Maria Grazia Chiuri finally found a natural hook for the feminism she’s been pushing at Dior since she took over 18 months ago: the 50th anniversary of the student revolts in Paris. But Chiuri didn’t invoke barricades so much as the “youthquake” that Diana Vreeland offered, heavily wallpapering her show with enlarged tear sheets from 1968 Vogue, as well protest posters. Still, May 1968 is a political touchstone here in France, and it provided Chiuri with a link, however thin, to newer youth movements like #MeToo.
It’s hard not to suspect big brands like Dior of gross opportunism. True, Gucci pledged $500,000 last week to the upcoming student-led March for Our Lives in protest of gun violence, and that seems like the most sincere form of action for an elite industry: Put your money where your mouth is. And to Chiuri’s credit, she didn’t load up her show with 1968 references. How many of her young customers even know what the stakes were? Or how couturiers like Marc Bohan, then at Dior, or Yves Saint Laurent had to challenge rigid conventions of dress?
So Chiuri was wise to plant her fall collection — her best to date — in the fertile fashion ground of the late ’60s, and allow observers to make their own contemporary connections. (Or not.) Given how social media works, Chiuri had already succeeded before the first model came out in a balaclava (cagoule, as the hoods are known here), dark plaid pants, and a chunky sweater that said “C’est non, non, non et non!” That’s because the wallpapered set was incredibly graphic — ideal for a phone screen. Anyone could understand it, add a few hashtagged words, and post. The clothes were just gravy.
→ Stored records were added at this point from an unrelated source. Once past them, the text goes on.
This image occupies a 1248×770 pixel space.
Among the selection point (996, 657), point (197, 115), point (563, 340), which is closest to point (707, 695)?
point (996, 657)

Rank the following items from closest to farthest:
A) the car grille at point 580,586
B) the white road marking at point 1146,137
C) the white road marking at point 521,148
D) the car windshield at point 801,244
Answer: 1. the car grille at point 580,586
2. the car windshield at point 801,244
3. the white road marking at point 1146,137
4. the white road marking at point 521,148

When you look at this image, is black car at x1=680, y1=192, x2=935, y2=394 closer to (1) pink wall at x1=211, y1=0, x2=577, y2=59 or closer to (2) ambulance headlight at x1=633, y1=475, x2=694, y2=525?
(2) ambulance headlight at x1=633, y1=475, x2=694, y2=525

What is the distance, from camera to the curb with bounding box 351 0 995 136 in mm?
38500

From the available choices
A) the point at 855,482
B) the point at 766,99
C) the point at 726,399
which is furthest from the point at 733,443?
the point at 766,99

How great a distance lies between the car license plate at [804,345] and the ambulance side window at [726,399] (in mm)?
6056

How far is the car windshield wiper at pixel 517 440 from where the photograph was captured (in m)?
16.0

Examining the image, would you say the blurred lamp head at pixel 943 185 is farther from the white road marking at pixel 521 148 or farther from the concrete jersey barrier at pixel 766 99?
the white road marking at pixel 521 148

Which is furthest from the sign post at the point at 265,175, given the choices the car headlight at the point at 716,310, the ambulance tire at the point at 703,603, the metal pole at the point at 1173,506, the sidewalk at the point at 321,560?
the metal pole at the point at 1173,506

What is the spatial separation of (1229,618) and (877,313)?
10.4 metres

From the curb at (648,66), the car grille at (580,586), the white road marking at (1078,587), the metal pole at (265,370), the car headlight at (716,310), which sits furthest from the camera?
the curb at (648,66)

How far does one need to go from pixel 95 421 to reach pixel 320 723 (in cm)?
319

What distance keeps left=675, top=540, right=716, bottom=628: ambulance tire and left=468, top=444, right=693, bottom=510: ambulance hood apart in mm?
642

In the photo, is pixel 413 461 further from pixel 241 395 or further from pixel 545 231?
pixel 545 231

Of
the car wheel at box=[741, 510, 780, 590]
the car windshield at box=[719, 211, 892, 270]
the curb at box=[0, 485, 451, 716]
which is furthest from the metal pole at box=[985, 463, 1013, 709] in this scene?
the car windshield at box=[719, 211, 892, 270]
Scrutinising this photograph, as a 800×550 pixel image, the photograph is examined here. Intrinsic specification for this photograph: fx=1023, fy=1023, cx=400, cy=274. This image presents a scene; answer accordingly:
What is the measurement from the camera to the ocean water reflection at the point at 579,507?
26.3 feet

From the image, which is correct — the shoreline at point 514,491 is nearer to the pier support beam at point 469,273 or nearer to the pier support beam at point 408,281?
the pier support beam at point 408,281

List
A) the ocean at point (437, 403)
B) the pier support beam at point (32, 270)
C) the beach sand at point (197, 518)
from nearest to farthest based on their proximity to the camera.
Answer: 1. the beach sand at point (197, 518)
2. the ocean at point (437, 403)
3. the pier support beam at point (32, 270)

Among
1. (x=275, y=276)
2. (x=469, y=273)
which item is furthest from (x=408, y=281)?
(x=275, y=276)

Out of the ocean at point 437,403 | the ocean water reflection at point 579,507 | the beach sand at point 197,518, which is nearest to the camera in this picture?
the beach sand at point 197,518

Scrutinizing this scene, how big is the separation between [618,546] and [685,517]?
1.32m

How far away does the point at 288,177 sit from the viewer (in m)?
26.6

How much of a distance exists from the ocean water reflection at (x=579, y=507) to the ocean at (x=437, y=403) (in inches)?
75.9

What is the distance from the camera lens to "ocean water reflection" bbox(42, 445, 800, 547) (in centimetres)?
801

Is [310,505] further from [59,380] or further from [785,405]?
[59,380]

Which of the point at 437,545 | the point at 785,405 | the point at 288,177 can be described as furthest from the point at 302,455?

As it happens, they were pretty good too. Chiuri has had an annoying habit for the past couple of seasons of presenting three or four unusual styles, almost one-offs, and then returning to a familiar storm of tomboy sportswear and princess lines. This time, though, she showed more variety as well as depth. She beefed up her school-uniform fascination with kilts, in two lengths and in a sheer version, and a terrific boyish pantsuit in gray plaid. She added biker boots and clogs. She presented a bunch of styles in a crazy-quilt pattern, following Raf Simons’s use of quilts at Calvin Klein, but also making a link both to handcrafts in contemporary art and to the kind of DIY patchwork that was popular in the late ’60s and early ’70s (and the subject of numerous books and exhibits on counterculture fashion). She also had fresh-looking, clingy knit dresses in dip-dyed wool and a standout poncho-style raincoat in deep blue.
A few hours after the show, I ran into Dominique Deroche, who for many years was the head of PR at Yves Saint Laurent. It has been Arctic cold in Paris, and Dominique had on a cagoule. “It’s 25 years old,” she said, reminding me that Saint Laurent had first done the cap-and-hood combo in 1962 for haute couture and then repeated it occasionally afterward.
Marine Serre, in her runway debut, also had cagoules, but the effect was quite different. Her first collection, done in 2016 while she was still a fashion student in Belgium, was a response to the terrorist bombings in Paris and Brussels that occurred around that time. The collection included a crescent-moon print, a symbol widely identified with Islam. To Serre, the print was a way to suggest inclusion, a merging of ideas — with urban athletic styles, say. It also demonstrated that the designer, who won the LVMH Prize last year, is an ace at branding. The crescent detail is part of her logo.
Serre, unlike Chiuri, is good at implying things. That’s what gave her first professional show an unusual maturity. Her headpieces could have religious connotations, but you’re not sure — they could be standard-issue ski hoods. Similarly, some of her ruffled skirts and shapely denim could be a nod to the 19th century, yet she nicely brooms away the literal reference. Her clothes reveal a solid sense of pragmatism — who’s going to wear these things? are they based on reality? — and at the same time a very strong urge to look ahead and question how fashion should look in the 21st century.
“They all answer to daily life,” she said afterward of slim trousers and jackets with special pockets for phones and ID. “The idea was to rethink how you do outerwear today, and also keeping the shape of the woman.”
Serre is too smart, I think, to let politics or labels or backstories take precedence over the demanding business of making interesting clothes and establishing a clear point of view. That she has done. Not only did she add fresh styles to her sportswear, like the shapely denim, but she also expanded the scarf dresses she showed last season. They’re more fluid and original in both cut and pattern. In fact, the dresses are all made from recycled garments or fabrics found in Marseilles. She plans to produce orders in the same vein.
If you were doing a collection based on the colors and sensuality of Morocco — favorite destination of designers — would you present them in the sugary vastness of the Petit Palais? Simon Porte Jacquemus’s clothes were drowned by the venue and the hokey souk music, and though he had some lovely, long fluid looks, he seemed mostly unable to avoid the Marrakech clichés.